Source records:
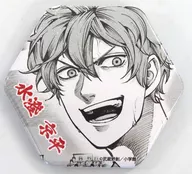 水澄京平徽章D-6奖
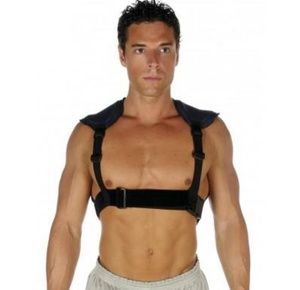 Southwest Elasto-Gel Neck/Back Combo Wrap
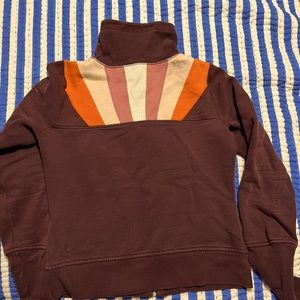 Vintage lululemon Scuba Zip-Up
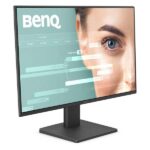 BenQ GW2491 23.8” 1920x1080 FHD 100Hz IPS Eye-Care 99% sRGB Monitor (Black) - Image 2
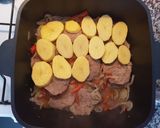 Foto del paso 3 de la receta: Churrasquito a la criolla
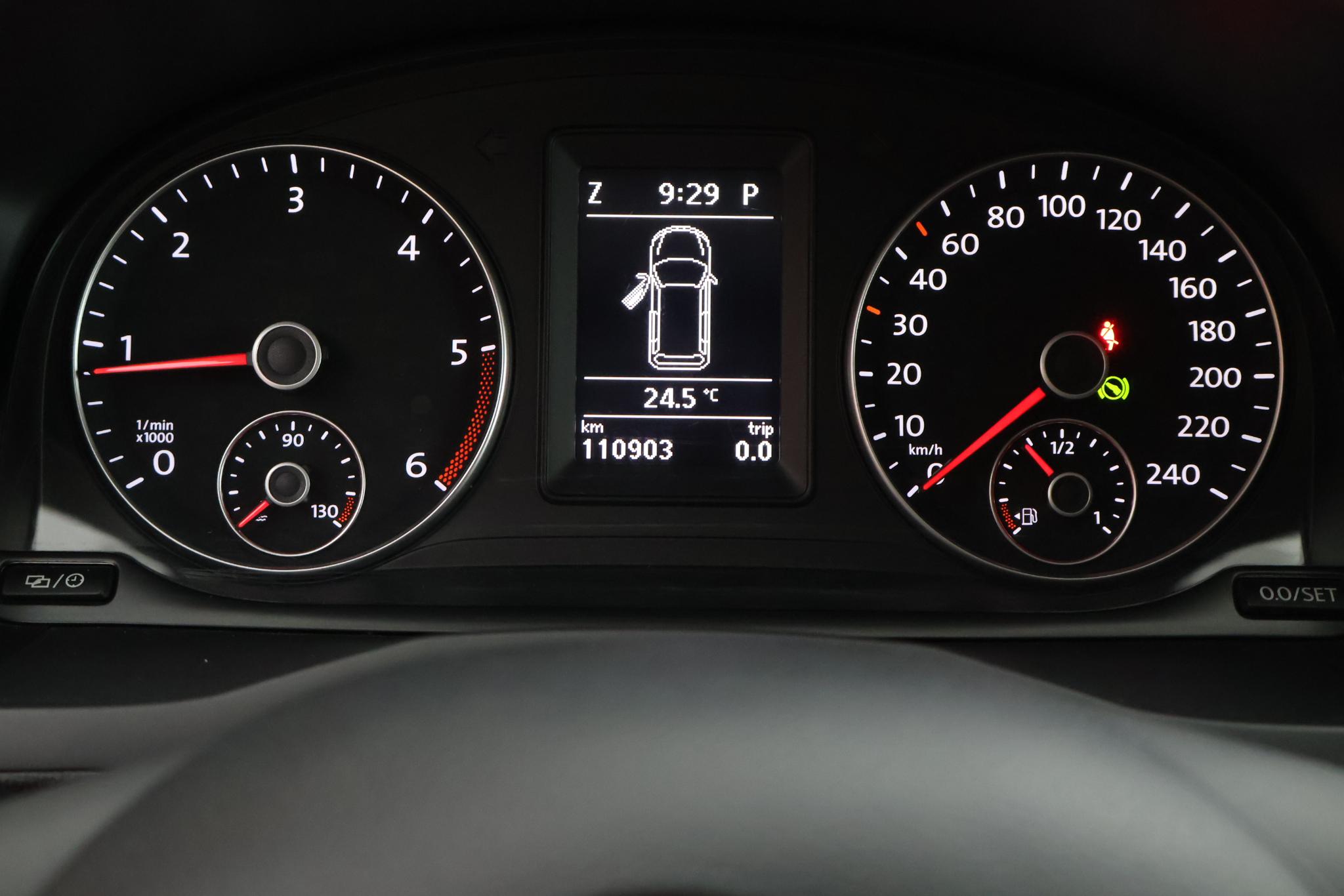 Foto van Volkswagen Caddy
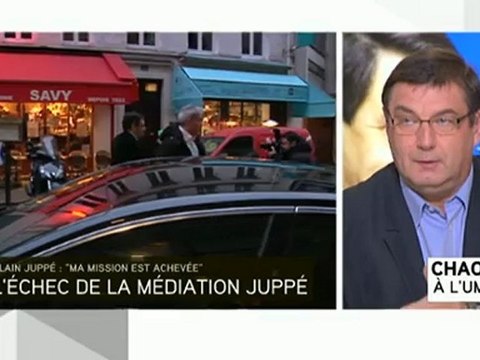 Copé vient de nous faire un bras d'honneur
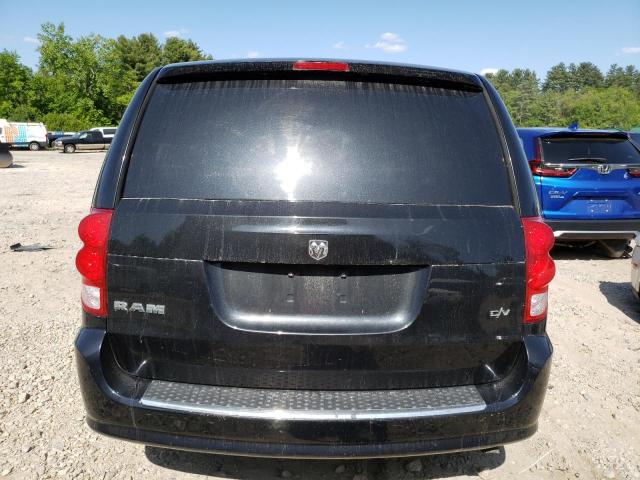 Photo 6 from auction – 2012 DODGE RAM VAN with VIN 2C4RDGAG7CR336187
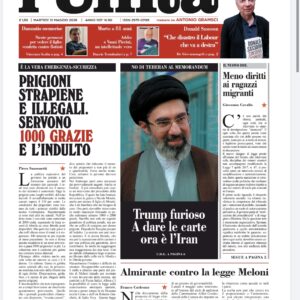 12 maggio 2026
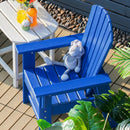 Patio Kids' Adirondack Chair with Ergonomic Backrest by LJGDeals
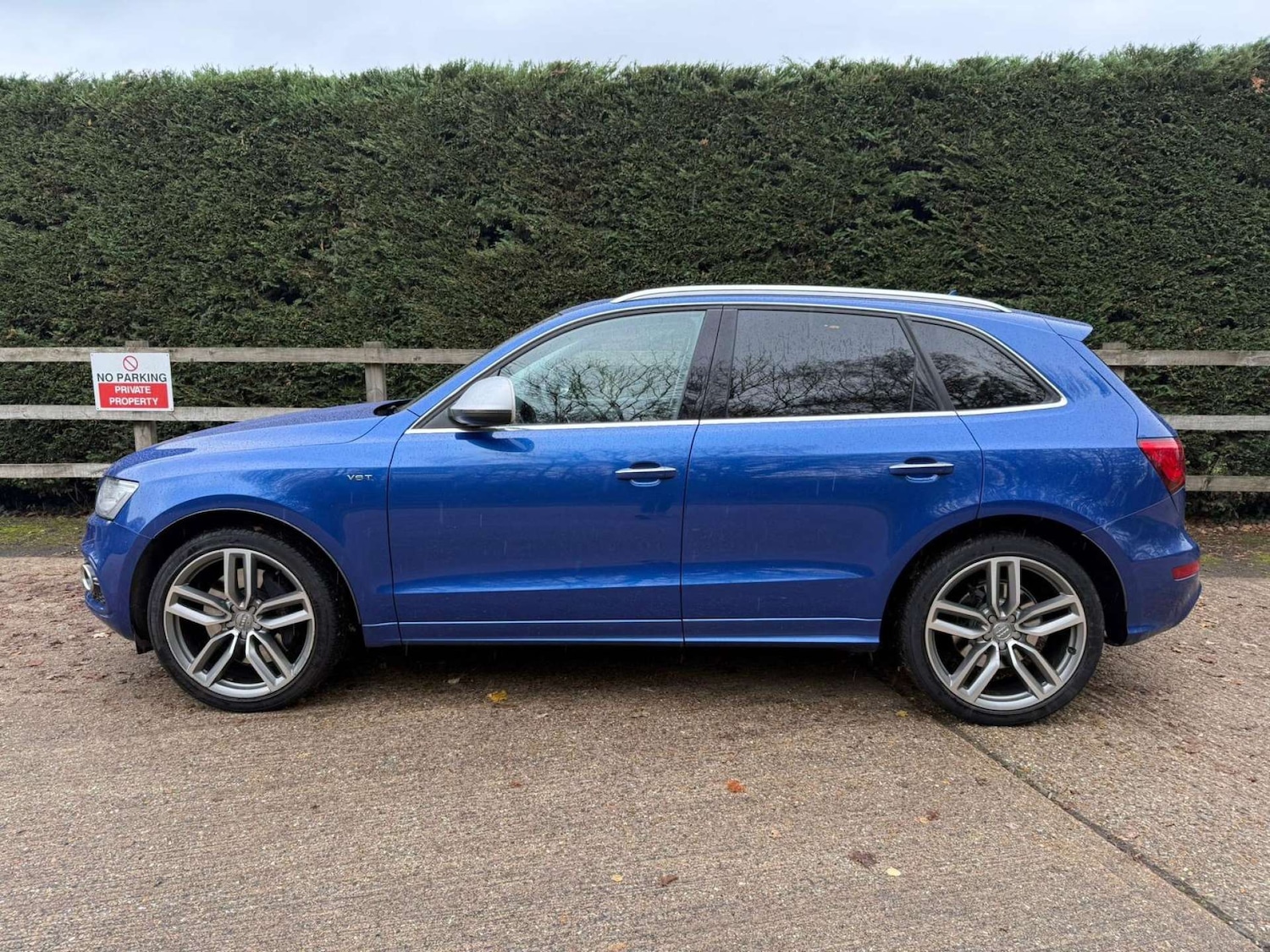 Used Audi Q5 2014 for sale - 76694789: Photo 8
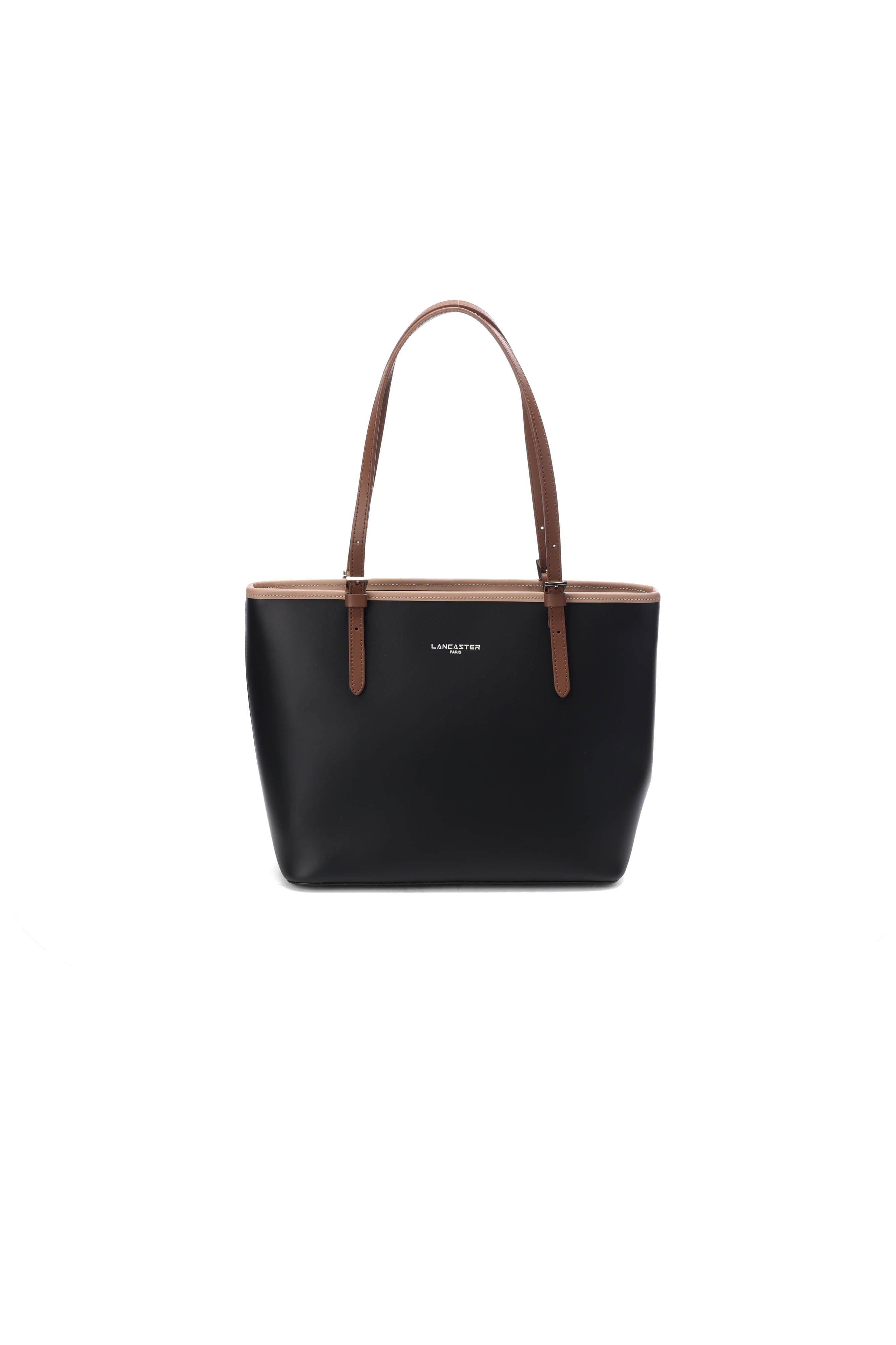 Sac cabas noir Lancaster - seconde main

> **TASK REQUIREMENTS**
Return all the lines above exactly; none of the pictures should appear.

> **RESPONSE BELOW**
 水澄京平徽章D-6奖
 Southwest Elasto-Gel Neck/Back Combo Wrap
 Vintage lululemon Scuba Zip-Up
 BenQ GW2491 23.8” 1920x1080 FHD 100Hz IPS Eye-Care 99% sRGB Monitor (Black) - Image 2
 Foto del paso 3 de la receta: Churrasquito a la criolla
 Foto van Volkswagen Caddy
 Copé vient de nous faire un bras d'honneur
 Photo 6 from auction – 2012 DODGE RAM VAN with VIN 2C4RDGAG7CR336187
 12 maggio 2026
 Patio Kids' Adirondack Chair with Ergonomic Backrest by LJGDeals
 Used Audi Q5 2014 for sale - 76694789: Photo 8
 Sac cabas noir Lancaster - seconde main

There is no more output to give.